- Opening Delimiter -

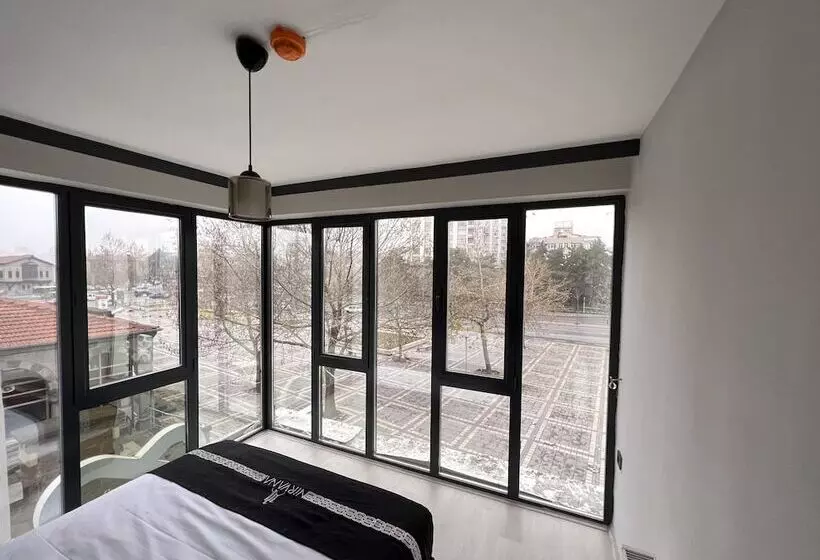 اقامتگاه Nirvana Boutique House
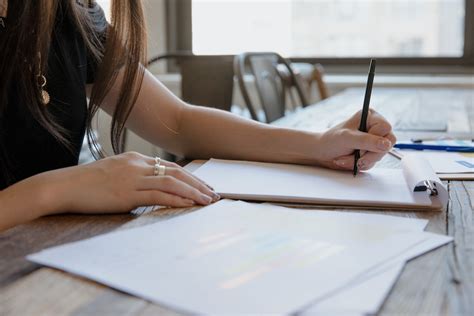 OKRs vs. SMART Goals: How They Differ and When to Use Each.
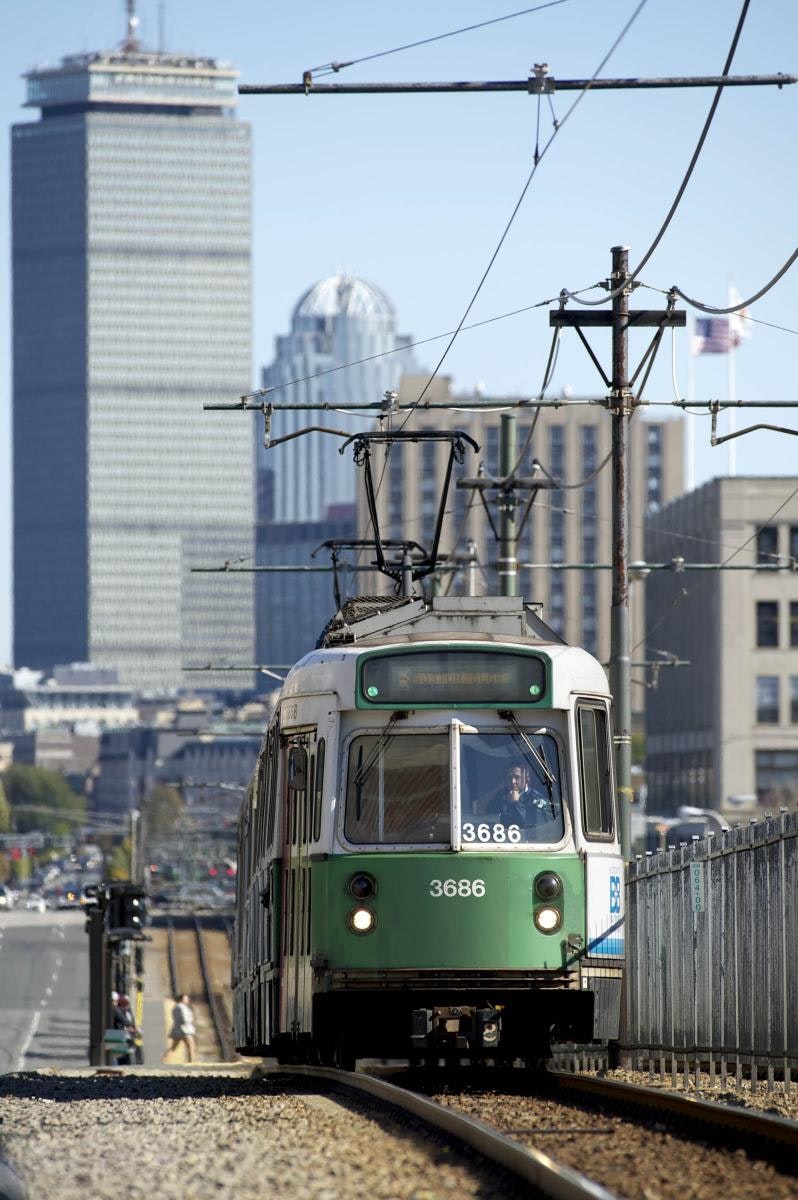 1653429513855 Rl Mbta Greenline Ma 2010 1020 Atr 03432 E Sm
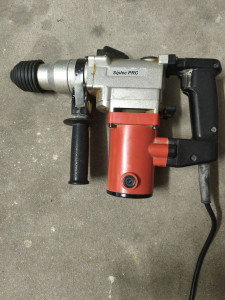Photo de galerie - Marteau piqueur / Marteau perforateur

- Closing Delimiter -

Your instructions: The expected answer is the whole listing above, copied exactly, with images excluded.

Problem solution:
 اقامتگاه Nirvana Boutique House
 OKRs vs. SMART Goals: How They Differ and When to Use Each.
 1653429513855 Rl Mbta Greenline Ma 2010 1020 Atr 03432 E Sm
Photo de galerie - Marteau piqueur / Marteau perforateur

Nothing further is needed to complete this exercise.